The infamous words that every parent supposedly gets the right to use when they cross the bridge into parenthood – “Why not? Because I said so.” Done. That’s it. Our kids are supposed to hear this and just take our word for it. Is that really what we want to be teaching our kids though? This simple phrase is teaching our kids that they should blindly follow authority without an explanation given or a sensical reason as to why the instructions should be followed. I don’t know about you, but I don’t want my kids raised that way. Look at what trouble society has gotten itself into when we have people just blindly following because something is the norm or because a person of authority “told them to”. Now, I’m not saying people should go be anarchists and not follow the laws in place, however I do want my kids to question if I’m (or someone else for that matter) is telling them to do something and they don’t think it’s fair or right. As adults we often have to make decisions that our kids don’t deem as fair or right, but don’t you want your child to say something if that’s how they feel? If my child thinks I’m being unfair about a decision, I will encourage them to tell me. I sure hope I don’t pull the parent card and think because I am the parent, I know everything and am perfect in decision-making. Honor your child’s opinions and voice instead of belittling them by essentially communicating that they aren’t deserving of an explanation of a rule or instruction.

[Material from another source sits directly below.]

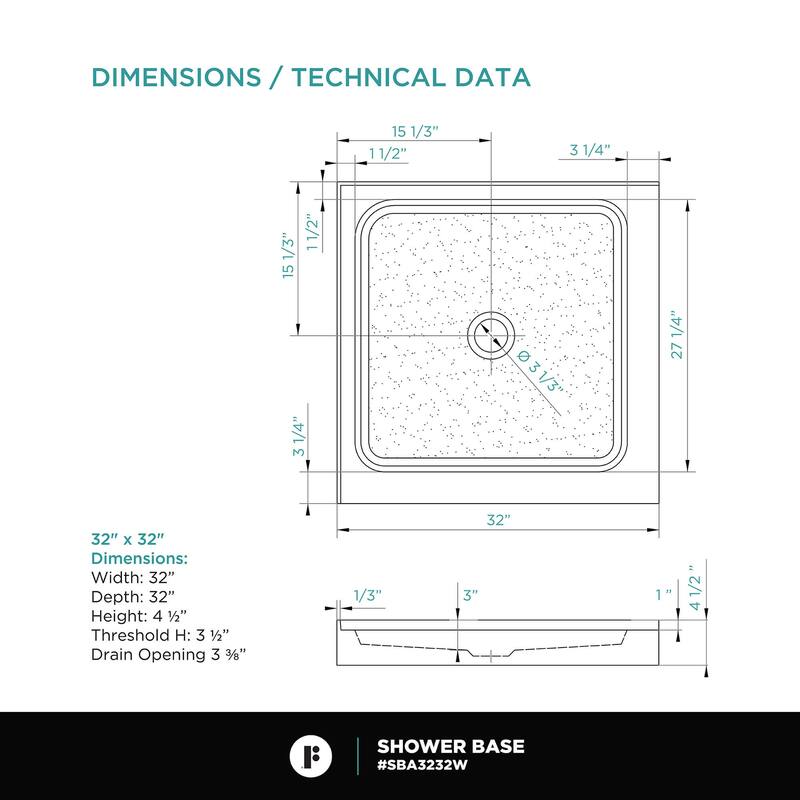 Fine Fixtures Double Threshold Acrylic Shower Base - Non-Slip Textured Surface Shower Floor Pan in White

In addition to empowering our children by providing them with information, don’t we want our kids to start making their own judgement calls and witnessing our thought process behind why we do things and why we don’t? We are robbing our children of this learning opportunity when we simply respond to our children with a “Because I said so” as a response to their inquiring mind. Take that extra 2 minutes out of your day to explain why they can’t eat that extra slice of cake or jump off the top of the slide. If we don’t walk them through our thought process, how will they come to learn this cognitive skill? What a benefit to them if we think out loud and walk them through our reasoning instead of just simply saying “Because I said so”.
So next time I’m tempted to say “Because I said so” to my 3 year old because he doesn’t understand why he can’t hit is sister with his plastic sword, I’ll try to remember to pause, walk him through why we don’t hit people and appreciate that he is inquisitive as to the instruction given.